Do skyways kill street-level retail? The website, streets.mn, has been focusing on skyways this week in a series of posts and debates, some of which advocate removing skyways.

Today, Bill Lindeke writes that we need to calculate what effect skyways have on first-floor retail.

One of the key problems, as both David and Sam point out, is that the skyway system is only legible and understandable to people who are “used” to it, office workers who park in a ramp and work in a particular building, and “know their route” through the maze. For anyone else, its impossibly confusing.

This alone means that it becomes an exclusive space, a system in which the majority of the Minneapolis citizenry would feel excluded and unwelcome.

Why not simply re-focus efforts in downtown Minneapolis on the very legible, understandable, and public spaces we already have: the public sidewalks. While they’re not original or modern, public sidewalks are a time-tested way of pedestrians using public space in cities. As the sidewalks of Pompeii attest, they’ve been around a while. They work. People understand how to use them, how to navigate them. They’re not privately owned (most of the time). I highly recommend sidewalks!

Minnesotans can be forgiven for taking the skyways when the weather is brutal, but when we have to get where we’re going in a hurry, why don’t we take the sidewalk, which is faster, more direct, and nicer?

3) AND THE AGONY OF DEFEAT…

Oh, look! A new Red Bull Crashed ice video!

Yesterday, the event held “qualifying” rounds for the finals, which is rather a joke because the finalists are going to be the guys who travel the world doing this stuff. But it was entertaining watching the locals, anyway…

One tip: When you go airborne, don’t wave your legs like you’re jumping into the pond.

Want more? You’ll love these photos from MPR’s Jennifer Simonson.

4) A DEADLY ‘WHOOPS’ IN CHICAGO

Pilots of airliners tend to get annoyed when air traffic controllers tell them to cross a runway where another airliner is taking off.
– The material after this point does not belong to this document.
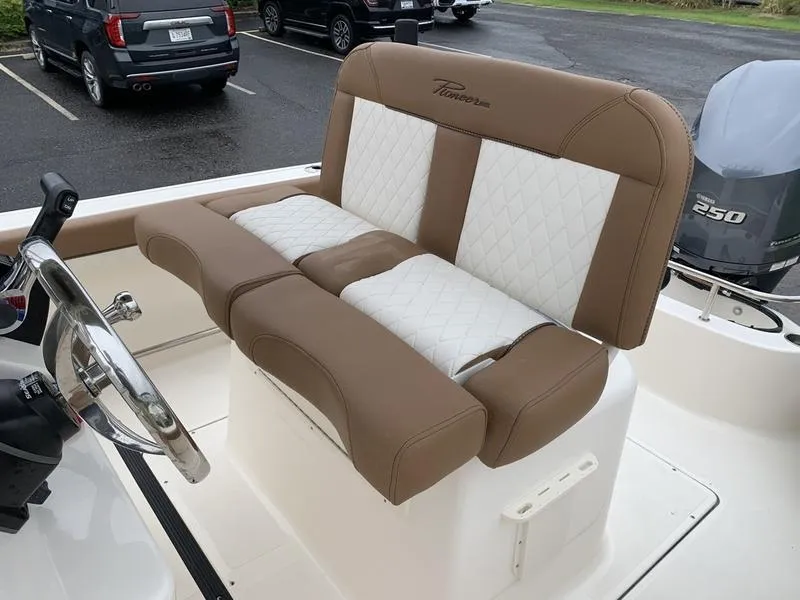 Slide: The Image of 2025 Pioneer SPORTFISH 222 boat seating with brown and white upholstery. - 12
It happened at Midway Airport in Chicago this month.

A Southwest plane that had just landed at Midway Airport was preparing to cross a runway when the co-pilot yelled at the pilot to stop to avoid a smaller jet that was taking off, the Associated Press reports.
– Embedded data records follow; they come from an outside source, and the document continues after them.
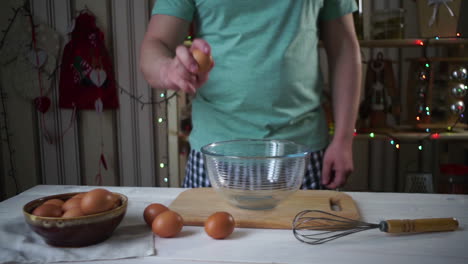 chef break egg. breaking egg into glass bowl. chef cooking food.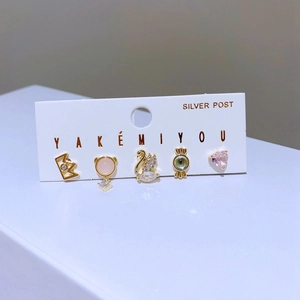 Detail of 5-piece earring set featuring swan, heart, and candy shapes with silver posts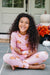 A young girl with long curly dark hair sits cross-legged on a gray tiled porch wearing a light pink long-sleeve pajama top and matching pants, both printed with small teddy bear motifs. A white door, pumpkins, and orange flowers are blurred in the background.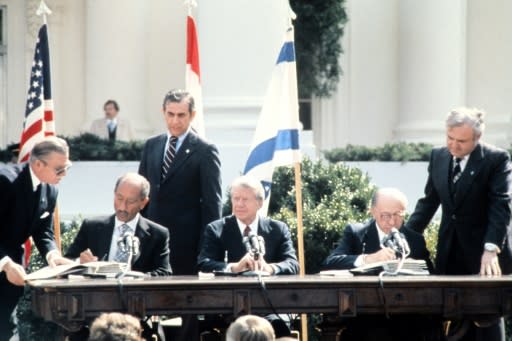 Anwar Sadat (left) and Menachem Begin (right) signing the Israel-Egypt Peace Treaty in Washington in the presence of Jimmy Carter (centre) on March 26, 1979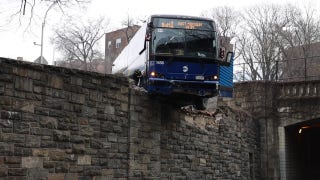 NYC MTA bus hangs precariously off overpass following collision - Fox News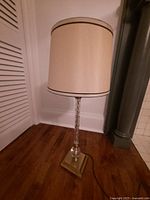 Full view of lamp with shade showing height and style
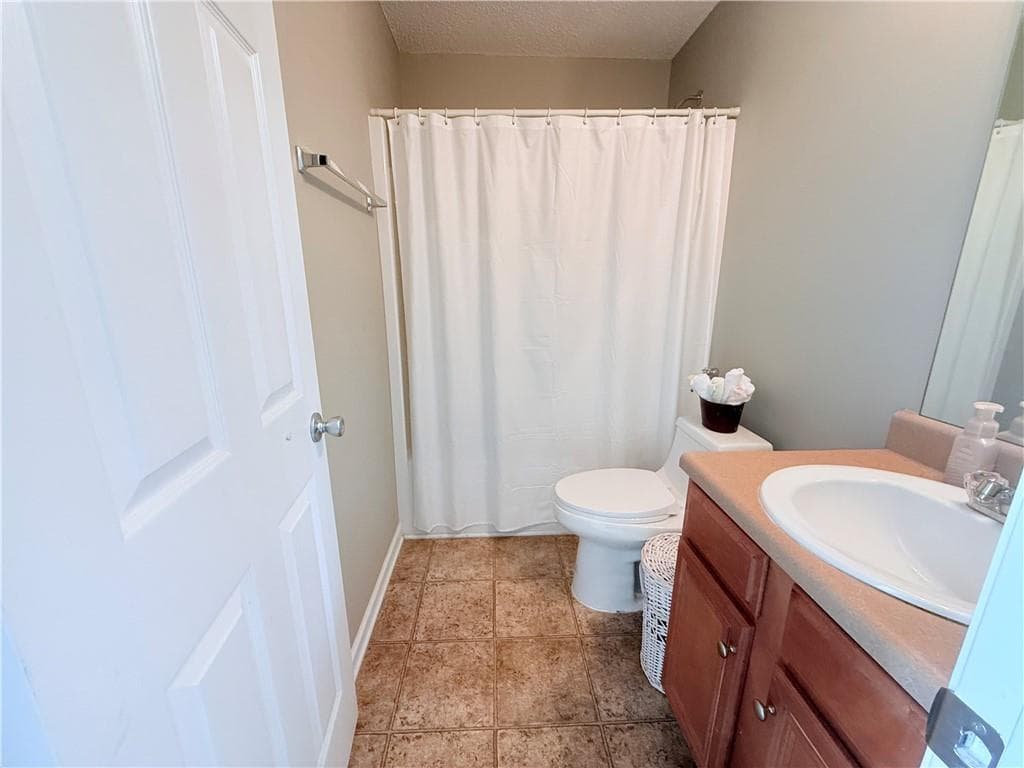 5 bedroom, 3 bathroom, 3,377 sq ft single family residence for sale at 1825 Lily Stem Trail, Auburn, GA 30011 — photo 6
Federal officials say air-traffic controllers didn’t cancel the smaller jet’s takeoff clearance or tell the Southwest plane to stop.
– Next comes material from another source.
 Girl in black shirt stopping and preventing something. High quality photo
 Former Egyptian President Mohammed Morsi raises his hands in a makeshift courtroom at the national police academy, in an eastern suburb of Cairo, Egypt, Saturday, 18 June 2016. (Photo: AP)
The planes came within less than 300 feet of each other during the Dec. 1 incident.

Here’s the audio of the conversation between the controller and the pilot.

Meanwhile, the pilot of a Cirrus airplane is alive, thanks to the South St. Paul-made parachutes for the Duluth-made plane. The Duluth News says two people ditched in the ocean when their engine stopped.

Related flying: What’s it like to be a flight attendant?

5) SCIENCE!

We have a new record for toilet-paper folding!

Bonus: Jimmy Fallon provides today’s Tim Tebow mock-fest, singing David Bowie’s Space Odyssey as “Tim Tebow to Jesus Christ.” That’s got some people upset who note that Fallon would not do a mocking skit with references to Muhammad.

TODAY’S QUESTION

Some in Iran are blaming Israel and the United States for the assassination Wednesday of an Iranian nuclear scientist. The United States has denied any involvement, but some Western observers believe Americans are involved in a covert campaign to prevent Iran from developing a nuclear weapon. Today’s Question: What sorts of action to prevent Iran from building nuclear weapons would be justifiable?

WHAT WE’RE DOING

Midmorning (9-11 a.m.) – First hour: W hat is the state of the low-skilled American worker?

Second hour: Fifty degree temps in January, with no snow on the ground? Meteorologist Paul Douglas joins Midmorning to discuss our strange winter weather

Midday (11 a.m. – 1 p.m.) – First hour: Sen. Amy Klobuchar.

Second hour: Garrison Keillor.

Talk of the Nation (1-3 p.m.) – First hour: The origins of the universe.

Second hour: “Confessions of a Surgeon,” an eye-opening look inside the operating room. Plus, tattoos of the science obsessed. And, Arianna Huffington explains why The Huffington Post added Science to its sections.